I found myself going back and re-reading certain sections, either to enjoy them again, or to make sure I understood. The "quality per square inch" (I just made that ratio up) is about as high in this work as any I've ever had the pleasure to read.

Anyway, I thought the book very well written, each page a justification in its own right. My thanks to the author.

Rating: 5 stars
Summary: Every sentence and paragraph a gem
Review: Part of my reading discipline is to keep an ongoing list of titles recommended to me by friends or reviewers, and keeping this list with me at my library and bookstores. Irish writer Niall Williams Four Letters of Love appeared on this list some time last year, and I somewhat hesitantly checked it out of my library when it last became available.

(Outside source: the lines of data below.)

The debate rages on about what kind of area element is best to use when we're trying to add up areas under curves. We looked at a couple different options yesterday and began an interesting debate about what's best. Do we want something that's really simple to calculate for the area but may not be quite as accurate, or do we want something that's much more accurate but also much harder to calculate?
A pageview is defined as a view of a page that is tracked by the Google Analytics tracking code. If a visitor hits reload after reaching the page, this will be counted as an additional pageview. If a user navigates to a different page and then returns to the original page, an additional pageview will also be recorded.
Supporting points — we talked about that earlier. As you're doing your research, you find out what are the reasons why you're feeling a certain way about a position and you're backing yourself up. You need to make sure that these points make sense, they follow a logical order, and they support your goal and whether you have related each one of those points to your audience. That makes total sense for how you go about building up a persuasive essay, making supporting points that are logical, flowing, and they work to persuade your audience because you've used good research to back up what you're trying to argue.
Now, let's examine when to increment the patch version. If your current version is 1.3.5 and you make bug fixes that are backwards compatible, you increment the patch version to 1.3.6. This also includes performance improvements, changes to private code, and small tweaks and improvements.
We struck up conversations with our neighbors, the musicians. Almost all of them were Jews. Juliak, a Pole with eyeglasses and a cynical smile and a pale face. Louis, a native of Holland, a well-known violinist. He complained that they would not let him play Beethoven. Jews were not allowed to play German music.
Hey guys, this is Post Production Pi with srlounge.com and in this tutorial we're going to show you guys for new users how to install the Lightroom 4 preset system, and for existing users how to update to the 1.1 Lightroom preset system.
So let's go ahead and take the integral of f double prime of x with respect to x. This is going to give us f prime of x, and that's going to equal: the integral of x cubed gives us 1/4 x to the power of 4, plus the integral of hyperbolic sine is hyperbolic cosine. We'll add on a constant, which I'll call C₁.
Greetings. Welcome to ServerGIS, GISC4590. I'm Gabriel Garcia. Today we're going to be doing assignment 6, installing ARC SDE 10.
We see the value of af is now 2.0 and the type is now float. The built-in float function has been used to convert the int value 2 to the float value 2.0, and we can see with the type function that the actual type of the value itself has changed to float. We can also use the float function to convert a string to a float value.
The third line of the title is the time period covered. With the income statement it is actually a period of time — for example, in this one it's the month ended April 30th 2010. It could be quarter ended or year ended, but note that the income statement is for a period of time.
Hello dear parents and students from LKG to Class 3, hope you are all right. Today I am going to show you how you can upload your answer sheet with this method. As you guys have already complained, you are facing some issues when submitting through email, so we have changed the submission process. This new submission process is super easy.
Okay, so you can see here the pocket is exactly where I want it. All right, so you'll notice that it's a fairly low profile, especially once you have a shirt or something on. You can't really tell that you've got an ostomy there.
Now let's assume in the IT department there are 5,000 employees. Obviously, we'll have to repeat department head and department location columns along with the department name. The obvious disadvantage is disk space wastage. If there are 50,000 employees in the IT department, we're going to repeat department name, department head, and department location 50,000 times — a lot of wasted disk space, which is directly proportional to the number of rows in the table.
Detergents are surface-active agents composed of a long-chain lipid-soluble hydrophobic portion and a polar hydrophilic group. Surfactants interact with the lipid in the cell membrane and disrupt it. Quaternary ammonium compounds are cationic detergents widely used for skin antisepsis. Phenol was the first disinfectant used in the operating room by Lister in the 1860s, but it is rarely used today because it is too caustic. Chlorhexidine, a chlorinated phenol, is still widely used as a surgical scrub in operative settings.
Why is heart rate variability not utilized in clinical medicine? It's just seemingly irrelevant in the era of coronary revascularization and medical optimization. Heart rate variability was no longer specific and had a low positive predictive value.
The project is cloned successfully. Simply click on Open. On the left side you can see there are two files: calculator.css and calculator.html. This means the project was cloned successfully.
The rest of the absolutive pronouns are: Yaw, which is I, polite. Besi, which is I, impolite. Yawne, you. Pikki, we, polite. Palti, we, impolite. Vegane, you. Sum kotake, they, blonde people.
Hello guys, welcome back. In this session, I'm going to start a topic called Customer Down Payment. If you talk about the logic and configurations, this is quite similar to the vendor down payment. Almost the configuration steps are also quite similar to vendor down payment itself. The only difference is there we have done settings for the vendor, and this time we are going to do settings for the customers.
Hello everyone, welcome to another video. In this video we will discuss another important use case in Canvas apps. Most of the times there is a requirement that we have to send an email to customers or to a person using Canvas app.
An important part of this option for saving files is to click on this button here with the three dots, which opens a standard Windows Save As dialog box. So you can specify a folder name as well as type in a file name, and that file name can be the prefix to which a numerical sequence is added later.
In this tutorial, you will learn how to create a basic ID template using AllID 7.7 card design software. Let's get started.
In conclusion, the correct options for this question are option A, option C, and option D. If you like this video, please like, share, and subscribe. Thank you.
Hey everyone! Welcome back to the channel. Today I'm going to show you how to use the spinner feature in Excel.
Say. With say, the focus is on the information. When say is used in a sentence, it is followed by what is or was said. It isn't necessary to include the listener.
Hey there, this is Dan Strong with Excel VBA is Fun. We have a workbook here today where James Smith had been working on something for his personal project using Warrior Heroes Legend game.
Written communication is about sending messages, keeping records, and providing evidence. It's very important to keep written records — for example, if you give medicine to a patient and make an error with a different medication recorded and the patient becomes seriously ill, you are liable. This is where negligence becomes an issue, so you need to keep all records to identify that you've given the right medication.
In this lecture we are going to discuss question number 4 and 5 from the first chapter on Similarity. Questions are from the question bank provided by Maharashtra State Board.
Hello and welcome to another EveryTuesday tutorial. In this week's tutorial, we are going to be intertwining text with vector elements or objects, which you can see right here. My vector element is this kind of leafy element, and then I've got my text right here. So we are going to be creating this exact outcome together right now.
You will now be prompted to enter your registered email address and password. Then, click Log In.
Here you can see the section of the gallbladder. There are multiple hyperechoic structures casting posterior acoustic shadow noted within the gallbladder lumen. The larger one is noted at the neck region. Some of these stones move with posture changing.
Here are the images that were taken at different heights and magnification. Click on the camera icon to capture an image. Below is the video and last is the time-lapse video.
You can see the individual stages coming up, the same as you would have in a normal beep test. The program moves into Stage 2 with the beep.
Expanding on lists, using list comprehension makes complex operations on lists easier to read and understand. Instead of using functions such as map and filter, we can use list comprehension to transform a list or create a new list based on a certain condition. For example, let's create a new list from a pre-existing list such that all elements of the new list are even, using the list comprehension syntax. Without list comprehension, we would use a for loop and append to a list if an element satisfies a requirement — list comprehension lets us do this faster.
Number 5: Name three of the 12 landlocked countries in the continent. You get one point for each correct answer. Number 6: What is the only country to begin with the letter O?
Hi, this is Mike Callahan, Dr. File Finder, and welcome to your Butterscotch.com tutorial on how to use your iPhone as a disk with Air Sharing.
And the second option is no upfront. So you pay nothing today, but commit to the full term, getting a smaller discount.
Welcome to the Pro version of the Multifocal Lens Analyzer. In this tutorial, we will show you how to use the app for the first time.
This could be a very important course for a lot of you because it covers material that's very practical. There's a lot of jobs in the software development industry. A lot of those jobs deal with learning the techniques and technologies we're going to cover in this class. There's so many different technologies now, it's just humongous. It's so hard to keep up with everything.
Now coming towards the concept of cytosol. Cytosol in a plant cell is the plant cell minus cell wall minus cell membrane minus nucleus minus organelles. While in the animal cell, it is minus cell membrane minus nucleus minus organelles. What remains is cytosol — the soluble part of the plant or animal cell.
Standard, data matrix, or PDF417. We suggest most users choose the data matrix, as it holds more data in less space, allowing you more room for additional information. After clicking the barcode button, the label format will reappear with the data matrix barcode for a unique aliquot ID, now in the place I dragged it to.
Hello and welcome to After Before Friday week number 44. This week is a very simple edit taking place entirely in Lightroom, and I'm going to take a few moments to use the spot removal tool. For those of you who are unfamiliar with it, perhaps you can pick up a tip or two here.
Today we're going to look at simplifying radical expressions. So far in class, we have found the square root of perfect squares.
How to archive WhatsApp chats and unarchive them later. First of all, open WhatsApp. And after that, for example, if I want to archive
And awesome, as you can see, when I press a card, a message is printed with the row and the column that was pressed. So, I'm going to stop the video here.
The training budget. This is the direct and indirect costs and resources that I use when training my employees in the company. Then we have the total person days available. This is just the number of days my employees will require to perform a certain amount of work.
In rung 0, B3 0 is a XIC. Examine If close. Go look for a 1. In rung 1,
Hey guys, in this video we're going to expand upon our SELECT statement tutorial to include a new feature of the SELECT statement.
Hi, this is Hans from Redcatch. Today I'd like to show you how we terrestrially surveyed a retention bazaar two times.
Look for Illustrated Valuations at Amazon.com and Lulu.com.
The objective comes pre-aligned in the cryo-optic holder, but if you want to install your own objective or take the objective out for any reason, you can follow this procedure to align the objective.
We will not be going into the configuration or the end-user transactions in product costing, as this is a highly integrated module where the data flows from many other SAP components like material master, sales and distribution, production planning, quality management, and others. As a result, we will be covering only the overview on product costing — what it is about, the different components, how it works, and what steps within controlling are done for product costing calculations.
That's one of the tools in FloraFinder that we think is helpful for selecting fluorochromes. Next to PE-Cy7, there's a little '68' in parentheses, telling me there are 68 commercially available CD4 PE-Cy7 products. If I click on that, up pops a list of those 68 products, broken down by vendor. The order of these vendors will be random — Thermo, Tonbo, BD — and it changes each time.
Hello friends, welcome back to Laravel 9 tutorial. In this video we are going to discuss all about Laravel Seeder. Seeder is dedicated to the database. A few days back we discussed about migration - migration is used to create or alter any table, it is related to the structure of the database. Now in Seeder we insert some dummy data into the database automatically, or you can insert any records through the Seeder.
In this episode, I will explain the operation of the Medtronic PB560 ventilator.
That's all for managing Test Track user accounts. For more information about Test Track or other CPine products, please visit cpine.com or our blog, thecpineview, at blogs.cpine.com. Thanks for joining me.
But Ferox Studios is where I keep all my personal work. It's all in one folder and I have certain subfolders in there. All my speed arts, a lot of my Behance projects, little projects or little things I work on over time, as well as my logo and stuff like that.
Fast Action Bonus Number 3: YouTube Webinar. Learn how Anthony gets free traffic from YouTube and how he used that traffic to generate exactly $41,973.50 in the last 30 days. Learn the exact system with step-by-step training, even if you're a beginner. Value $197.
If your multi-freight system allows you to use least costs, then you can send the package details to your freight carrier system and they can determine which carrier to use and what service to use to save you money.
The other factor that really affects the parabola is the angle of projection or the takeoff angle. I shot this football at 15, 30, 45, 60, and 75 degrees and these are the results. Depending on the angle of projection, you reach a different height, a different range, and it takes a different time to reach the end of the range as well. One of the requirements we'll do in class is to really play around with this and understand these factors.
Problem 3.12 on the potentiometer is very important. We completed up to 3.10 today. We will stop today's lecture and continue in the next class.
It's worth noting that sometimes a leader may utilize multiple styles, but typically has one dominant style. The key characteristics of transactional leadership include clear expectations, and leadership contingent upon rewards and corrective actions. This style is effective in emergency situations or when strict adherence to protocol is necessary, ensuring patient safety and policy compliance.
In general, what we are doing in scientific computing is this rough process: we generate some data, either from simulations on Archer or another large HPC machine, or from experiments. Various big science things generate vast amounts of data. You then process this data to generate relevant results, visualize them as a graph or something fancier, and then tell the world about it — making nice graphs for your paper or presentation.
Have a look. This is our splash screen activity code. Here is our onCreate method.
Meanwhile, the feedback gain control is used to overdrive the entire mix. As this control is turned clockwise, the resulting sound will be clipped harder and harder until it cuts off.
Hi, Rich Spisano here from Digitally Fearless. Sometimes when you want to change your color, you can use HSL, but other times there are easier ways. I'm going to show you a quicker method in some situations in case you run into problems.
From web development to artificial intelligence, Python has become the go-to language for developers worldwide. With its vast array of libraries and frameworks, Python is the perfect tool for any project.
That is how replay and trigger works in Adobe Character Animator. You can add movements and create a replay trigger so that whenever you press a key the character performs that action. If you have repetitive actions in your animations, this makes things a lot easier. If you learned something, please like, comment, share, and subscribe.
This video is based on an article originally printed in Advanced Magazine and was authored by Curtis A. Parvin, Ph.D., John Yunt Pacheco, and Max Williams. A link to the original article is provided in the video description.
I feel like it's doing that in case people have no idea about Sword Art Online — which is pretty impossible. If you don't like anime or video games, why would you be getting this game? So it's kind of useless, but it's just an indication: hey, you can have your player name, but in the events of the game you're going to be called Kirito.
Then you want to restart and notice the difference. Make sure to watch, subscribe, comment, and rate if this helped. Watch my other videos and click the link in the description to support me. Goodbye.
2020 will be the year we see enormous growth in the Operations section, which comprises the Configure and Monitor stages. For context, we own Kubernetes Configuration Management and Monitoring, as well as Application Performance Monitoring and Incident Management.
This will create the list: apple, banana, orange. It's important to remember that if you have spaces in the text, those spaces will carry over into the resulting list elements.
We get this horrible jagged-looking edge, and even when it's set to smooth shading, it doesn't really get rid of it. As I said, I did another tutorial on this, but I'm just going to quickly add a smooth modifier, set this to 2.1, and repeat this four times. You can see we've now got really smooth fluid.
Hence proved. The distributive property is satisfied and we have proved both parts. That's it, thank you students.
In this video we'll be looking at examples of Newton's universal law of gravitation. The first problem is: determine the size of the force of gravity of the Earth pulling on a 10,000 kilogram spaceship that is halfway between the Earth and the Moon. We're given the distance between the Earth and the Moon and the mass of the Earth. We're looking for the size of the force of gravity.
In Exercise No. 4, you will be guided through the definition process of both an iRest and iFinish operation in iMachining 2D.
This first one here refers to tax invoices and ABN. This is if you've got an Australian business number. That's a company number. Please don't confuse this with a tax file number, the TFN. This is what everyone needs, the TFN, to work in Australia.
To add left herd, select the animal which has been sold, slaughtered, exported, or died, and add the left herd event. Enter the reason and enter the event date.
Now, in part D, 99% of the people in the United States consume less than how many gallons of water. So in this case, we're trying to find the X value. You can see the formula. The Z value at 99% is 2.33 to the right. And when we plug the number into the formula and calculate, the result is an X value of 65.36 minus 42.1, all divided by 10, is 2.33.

Given the title, I thought it would be too much of a "women's book."

What a delight!! This is a story of a young man (Nicholas) whose father is told by God to quit work as a bureaucrat and paint. Off an island of Ireland, a young boy (Sean) falls mute and lame while playing with his sister, Isabel, and Isabel goes off to the mainland for school and, it seems, a loveless marriage. Through serendipity, Nicholas comes to the island to recover the painting of his now-dead father given as a poetry prize to Isabel's father, somehow cures Sean, then falls hopelessly in love with the now-married Isabel. Although Isabel's mother destroys the love letters written by the pining Sean to the unhappy Isabel (the "Letters of Love"), William's vision -- sort of a combined Irish folklore and magical realism -- makes clear that the love of Isabel and Nicholas is inevitable, and nothing her mom (or anyone else) might do will keep them apart.

Every sentence and paragraph of this fine book is a gem. William's powers of description and characterizations are so strong that I believe he would make a dictionary interesting. That he applies these formidable skills to this beautiful story redounds to the reader's great pleasure. Savor this book, its language and characters, and its most satisfying ending!